Security Measures to Reduce Risks
Apply the following strategies to safeguard your company if you handle manually keyed transactions:
- PCI (Payment Card Industry) compliance: Make sure your payment processor and system adhere to PCI DSS (Payment Card Industry Data Security Standard) guidelines to protect your customers’ credit card information.
- Address Verification Service (AVS): This service compares the customer’s billing address with the information held by the card issuer.
- CVV/CVC: Always require the CVV/CVC code when processing card transactions manually.
- Employee education: Teach staff members to verify card information twice to minimise the chance of human error.
- Fraud monitoring: Partner with a payment processor that provides advanced fraud detection software.

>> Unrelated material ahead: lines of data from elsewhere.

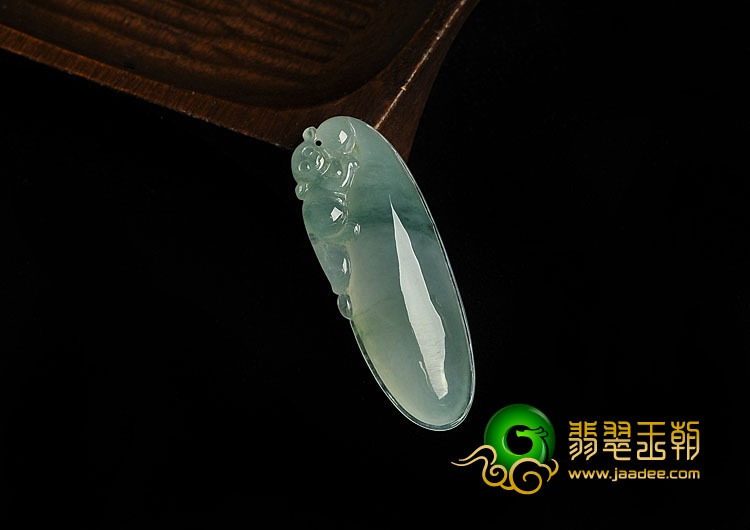 冰种飘花缅甸翡翠A货福寿瓜挂件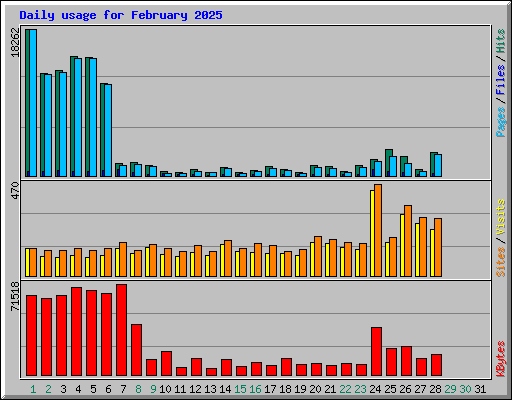 Daily usage for February 2025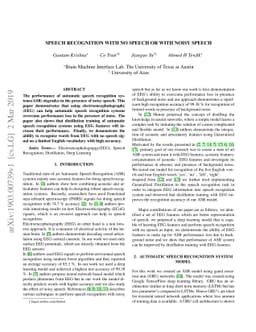 Speech Recognition with no speech or with noisy speech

- Store data safely: Never store credit card information unless it is absolutely required. Follow PCI DSS guidelines for any credit card information that must be stored (either physically or digitally).
- Tokenise payment details: Use tokenisation to avoid sending customers’ actual card details through the system.
- Minimise manual entry: Use a physical terminal or mobile card reader to collect data directly, whenever feasible.
You will significantly reduce your risk of fraud from manually entered transactions by taking these precautions.
mPOS Is a Safer Alternative
You may be tempted to rely on manually keyed transactions on your laptop or phone if you frequently take payment outside of your store, such as at pop-up shops, markets, or customer locations. However, an mPOS unit you plug into your phone is a much safer alternative.
These tiny, portable credit card readers that connect to your phone or tablet enable you to swipe, dip, or tap the customer’s card. This transforms a risky card-not-present transaction into a safe card-present one. You will generally pay less for payment processing and have a lower risk of fraudulent transactions if you go this route.
Keyed-In Transactions Still Matter, But Use With Care
Keyed-in transactions are a boon and a bane for small business owners in Europe. They allow you to take payments from a distance, provide continuity if your equipment fails, and accommodate customers who prefer to place orders by mail or phone. However, they also come with higher fees, higher risks, and potential liability shifts for fraudulent transactions.
Whenever possible:
- Invest in credit card terminals or mPOS systems to process card-present transactions at a lower rate.
- Use your virtual terminal for infrequent or unavoidable manually keyed transactions.
- Put strong security measures in place to protect your customers’ card information.
The right payment processor will offer both keyed transactions and secure, reasonably priced alternatives. This allows you to balance convenience, cost, and risk while providing your customers with the payment options they expect.